Mine was in my 63 rag at like 2AM. Me and the homie Matt had just spent all damn day putting a chain bridge in his Caprice and reinforcing the rear end, so we took my Impala for a little cruise around the hood. I drove 3 for at least a half a mile going about 10 MPH the whole time.


----------



## Ragtop Ted (Sep 11, 2007)

:0


----------



## youcantfademe (Feb 8, 2008)

> _Originally posted by DELTORO HYDRAULICS_@Oct 22 2008, 02:54 PM~11942280
> *dont forget to hold the switch down while turning
> *


  dammit i know i forgot something......


----------



## SWIPH (Oct 6, 2005)

> _Originally posted by Crenshaw's Finest_@Oct 23 2008, 11:53 PM~11959462
> *x2...
> 
> First time I did it was in the Atlantic/Whittier intersection in East L.A. about 4 in the afternoon when the bustop was filled with honeyz... :biggrin: ..I got so high i could hear the corner of my bacc bumper grind on the pavement...no practice, i just knew what to do...i bet my facial expression was like i saw Jesus or something
> *


Thats a good one right there


----------



## .TODD (Oct 18, 2008)

:biggrin: my first time was on a back street no registration no inspection but atleast i had a liscence and i was actually a lil scared to do it finally did it and i learnt that steering is a bit different when your on three wheels almost hit the curve understered by a long shot almost him the curve :biggrin:


----------



## RALPH_DOGG (Jun 6, 2002)

haha...i cheat!!! i only have f.b.s.s

so i dump my right side...lock the front back up, then go for it!!! 

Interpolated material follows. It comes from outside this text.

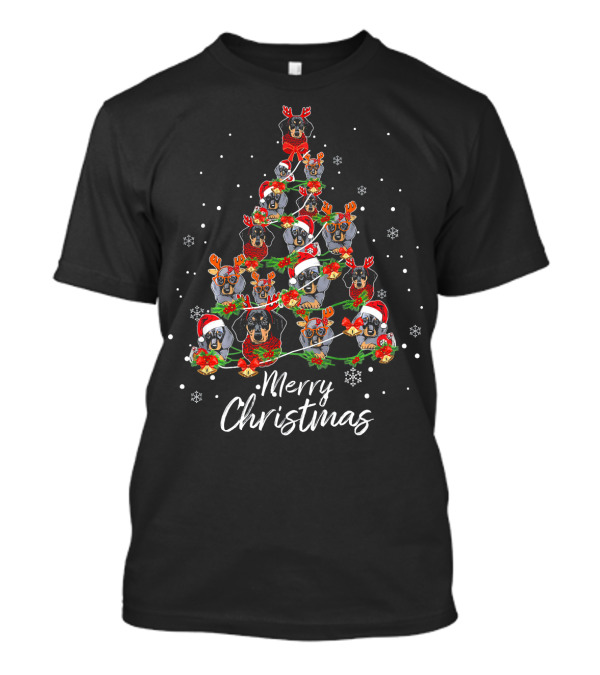 Merry Christmas Dachshund Tree Decor With Santa Hats And Reindeer Antlers T-Shirt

it dumps all on its own, and comes back up all on its own...!!!

:biggrin: :biggrin: :biggrin:


----------



## EazyE10286 (Sep 11, 2003)

I almost shit my pants my first time.I was a passenger in my bro's 65 impala,it was the first juiced car either of us were ever in.one day I kept tellin him to hit a three when we went cruisin so he did,only it was turning right and with the panhard bar it only got a couple inches off the ground.I wasnt too impressed.neither of us had a clue what it felt like or what to expect.The next day cruisin around and theres a bunch of kids at the park givin us looks,only we were making a right turn this time,the only thing we could say was "Holy Shit".The rest of the day we went around pickin up friends,every time someone new got into the car he would hit an unexpected 3,the looks on there faces were priceless


----------



## lone star (May 22, 2003)

i did it once when the street was kinda wet and i did a 360 in the intersection scared the shit outta me


----------



## .TODD (Oct 18, 2008)

> _Originally posted by lone star_@Oct 26 2008, 05:18 PM~11978277
> *i did it once when the street was kinda wet and i did a 360 in the intersection scared the shit outta me
> *


 :0 gangsta


----------



## Zappo90744 (May 2, 2006)

> _Originally posted by Crenshaw's Finest_@Oct 23 2008, 11:53 PM~11959462
> *x2...
> 
> First time I did it was in the Atlantic/Whittier intersection in East L.A. about 4 in the afternoon when the bustop was filled with honeyz... :biggrin: ..I got so high i could hear the corner of my bacc bumper grind on the pavement...no practice, i just knew what to do...i bet my facial expression was like i saw Jesus or something
> *


 :roflmao: :roflmao: You are facing the sky when you 3 wheel so I don't doubt if you saw Jesus. Same shit with me.......I 3 wheeled my entire way home. :biggrin:


----------



## Jer (Mar 29, 2021)

abbeyg123 said:


> how do you have hydros and dont no how to hit a 3??



Maybe hes new to the scene amaet one


----------